After being consigned to almost half a century of burial by time and dust, a long lost critical Tangerine Dream album has finally seen the light of day!
Oedipus Tyrannus was originally recorded back in July 1974, but for some unconceivable reason it was never released due to the group being somehow unsatisfied with the final product, resulting in it being reduced to the realm of whispered rumours and incomplete bootleg jobs for decades. It is thanks to Steven Wilson of Porcupine Tree/Bass Communion that a complete, properly mixed, official release of this “lost album” finally manifested as part of the recent 18-disc boxset titan In Search of Hades: The Virgin Recordings 1973-1979.
Ignoring the hype about its “rare lost album” status or before even taking into account the actual qualitative merits of the music itself, Oedipus Tyrannus is a very important recording acting as a snapshot into a critical transitional period for the group.

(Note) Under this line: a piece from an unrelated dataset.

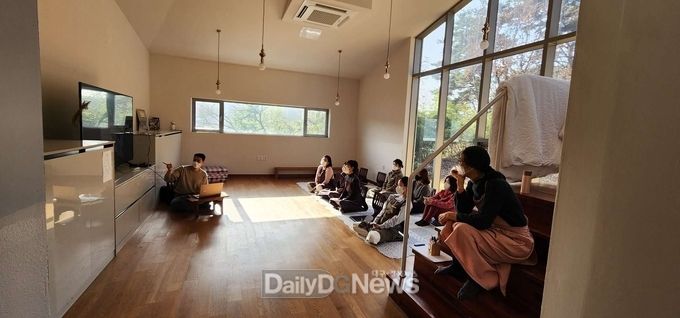 상주박물관, 문화원데이 클래스 실시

This album was recorded as the immediate successor to the breakthrough record Phaedra of classic line-up Edgar Froese, Christopher Franke and Peter Baumann; and yet its sound is a chronological step “backwards” to the cryptic dark sonic abysses of the group’s legendary Ohr label-era releases such as Zeit, Atem and the similarly unreleased/rare Vampira OST; while also seamlessly displaying the first prototypes of the spacy synth textures of 1975’s Rubycon.
It should go without saying that this album is a must have for any Tangerine Dream or general Electronic fan, to say nothing of those who have the strongest preferences for the mysterious iconic sound of those earliest TD records which bring to mind stylistic reminiscences of both Penderecki and 1968-71 era Pink Floyd, alongside obvious prefigurations to both Lustmørd and later Steve Roach, while ultimately not actually sounding quite like anything before or since.

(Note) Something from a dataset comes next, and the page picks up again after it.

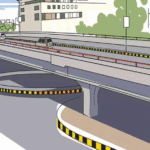 पुणे ते शिरूर उड्डाण पूल उभारणी साठी निविदा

The sonic ground explored in these tracks is among the most expansive and diverse of any individual Tangerine Dream record. From the idiosyncratic sequencer ambush of “Battle”, to the hazy reverie of “Baroque”, to serious cosmic depths of void soundscapes “Overture”, “Act 1”, “Zeus” which comprise the majority of the record, to the concluding conspectus of “Act 3”… Oedipus Tyrannus is a genuinely monumental effort that is difficult to overstate.
It is also worth mentioning that the present author has listened to almost every single Tangerine Dream release, and out of those 120+ logged recordings, Oedipus Tyrannus unquestionably (at bare minimum) ranks among the All-Time Top 10.
While it would perhaps be unfair (though fitting!) to bestow the title of “Album of the Year 2019” upon an album from the 70’s, I will be pleasantly surprised if anything in the next 5 months will manage to surpass this.